> _WORK TO BE COMPLETED_:
For each record below, output its text exactly and skip any picture.

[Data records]

+-------+

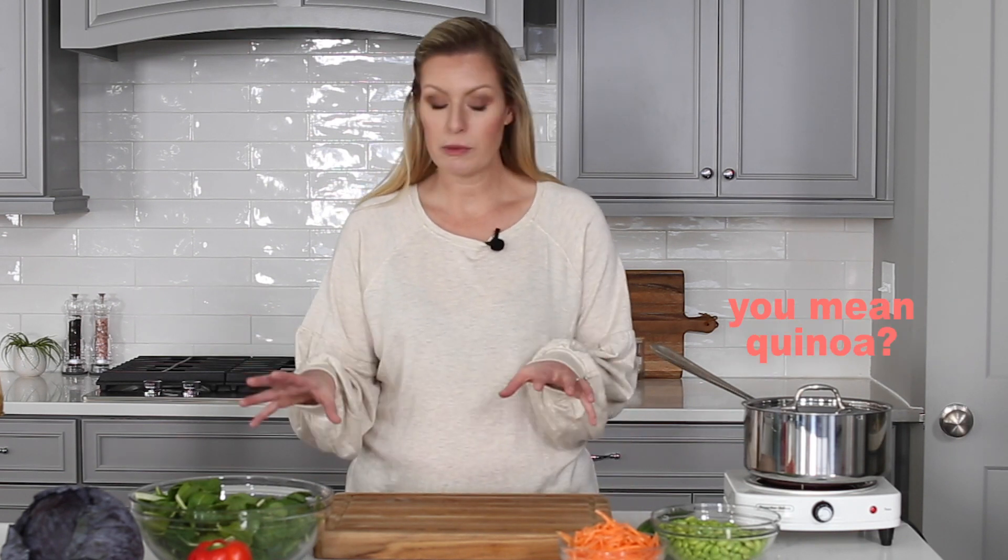While the edamame is cooking, go ahead and start to prepare your other ingredients. Put the edamame in the microwave and heat for 2 to 3 minutes depending on what the package says. Then move on to chopping your other vegetables.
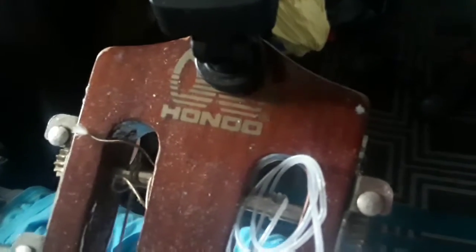This is my Hondo guitar, and this tuner is dusty, so I have to clean it up in a minute. Here's a look at the model numbers.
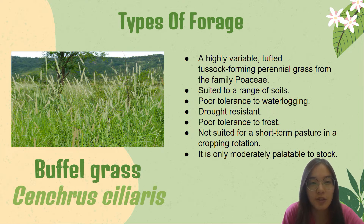Buffer grass is also not suited for short-term pasture in a cropping rotation. This is because its early growth is slow and it is difficult to remove by cultivation. It is only moderately palatable to stock, and pastures dominated by it are unsuitable for horses.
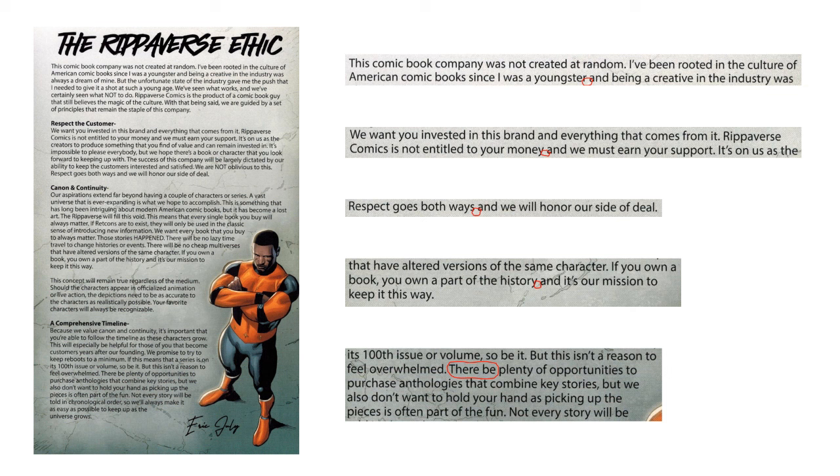Dropped commas don't actually bother me that much, but anybody who notices that kind of stuff is going to look at it and ding the perfection score of the comic and realize that what is to come is probably not going to be perfect either. One of the themes I'm going to harp on pretty hard here is that you only have one chance to make a first impression. You don't get a second chance at that. So anytime you're not putting your absolute best foot forward, you're basically telling the reader they can expect the quality to slide in certain areas.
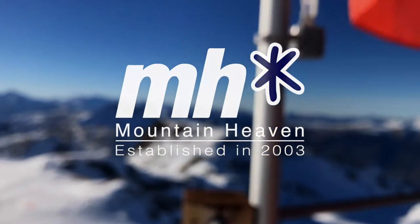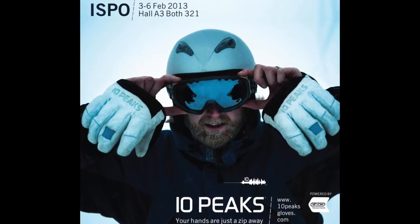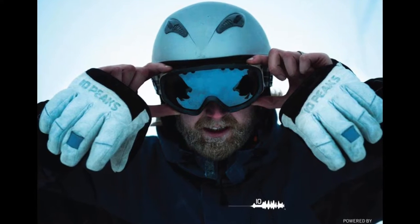Welcome to the Mountain Heaven review of the Ten Peaks C-Zip gloves. We first spotted these gloves at a ski and snowboard show three years ago. We picked up a pair because we had a feeling they'd be really convenient, and since then we've been using them regularly.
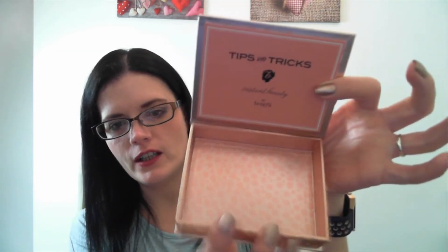What I actually quite like about the box is all of this stuff actually comes out. So once you're done with it, you could actually take the packaging out of the box, and then you've got a little box that you can use to store little bits and pieces in if you wanted to.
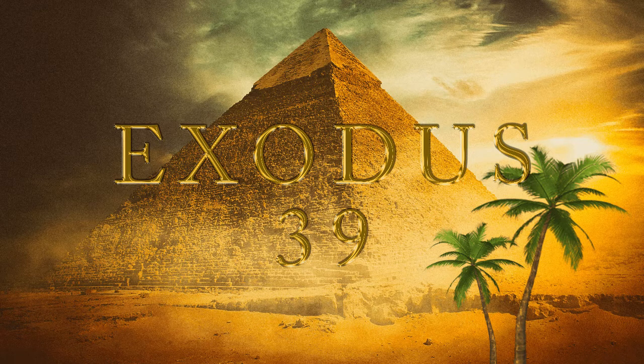And he made the robe of the ephod of woven work, all of blue. And there was a hole in the midst of the robe, as the hole of a habergeon, with a band round about the hole, that it should not rend. And they made upon the hems of the robe pomegranates of blue and purple and scarlet and twined linen. And they made bells of pure gold, and put the bells between the pomegranates upon the hem of the robe, round about between the pomegranates, a bell and a pomegranate, a bell and a pomegranate, round about the hem of the robe, to minister in, as the Lord commanded Moses.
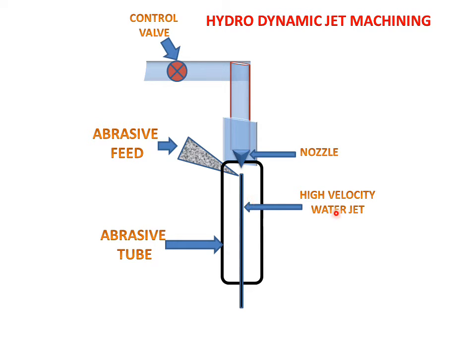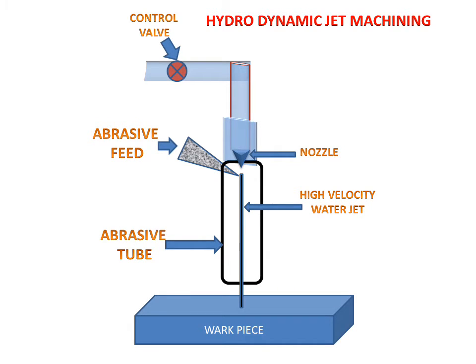This is the high velocity water jet with abrasive slurry which will strike on the work piece. This is the work piece on which we want to remove the material. These are the parts of the hydrodynamic jet machining.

+-------+

> _RESULT OF THE TASK_:
While the edamame is cooking, go ahead and start to prepare your other ingredients. Put the edamame in the microwave and heat for 2 to 3 minutes depending on what the package says. Then move on to chopping your other vegetables.
This is my Hondo guitar, and this tuner is dusty, so I have to clean it up in a minute. Here's a look at the model numbers.
Buffer grass is also not suited for short-term pasture in a cropping rotation. This is because its early growth is slow and it is difficult to remove by cultivation. It is only moderately palatable to stock, and pastures dominated by it are unsuitable for horses.
Dropped commas don't actually bother me that much, but anybody who notices that kind of stuff is going to look at it and ding the perfection score of the comic and realize that what is to come is probably not going to be perfect either. One of the themes I'm going to harp on pretty hard here is that you only have one chance to make a first impression. You don't get a second chance at that. So anytime you're not putting your absolute best foot forward, you're basically telling the reader they can expect the quality to slide in certain areas.
Welcome to the Mountain Heaven review of the Ten Peaks C-Zip gloves. We first spotted these gloves at a ski and snowboard show three years ago. We picked up a pair because we had a feeling they'd be really convenient, and since then we've been using them regularly.
What I actually quite like about the box is all of this stuff actually comes out. So once you're done with it, you could actually take the packaging out of the box, and then you've got a little box that you can use to store little bits and pieces in if you wanted to.
And he made the robe of the ephod of woven work, all of blue. And there was a hole in the midst of the robe, as the hole of a habergeon, with a band round about the hole, that it should not rend. And they made upon the hems of the robe pomegranates of blue and purple and scarlet and twined linen. And they made bells of pure gold, and put the bells between the pomegranates upon the hem of the robe, round about between the pomegranates, a bell and a pomegranate, a bell and a pomegranate, round about the hem of the robe, to minister in, as the Lord commanded Moses.
This is the high velocity water jet with abrasive slurry which will strike on the work piece. This is the work piece on which we want to remove the material. These are the parts of the hydrodynamic jet machining.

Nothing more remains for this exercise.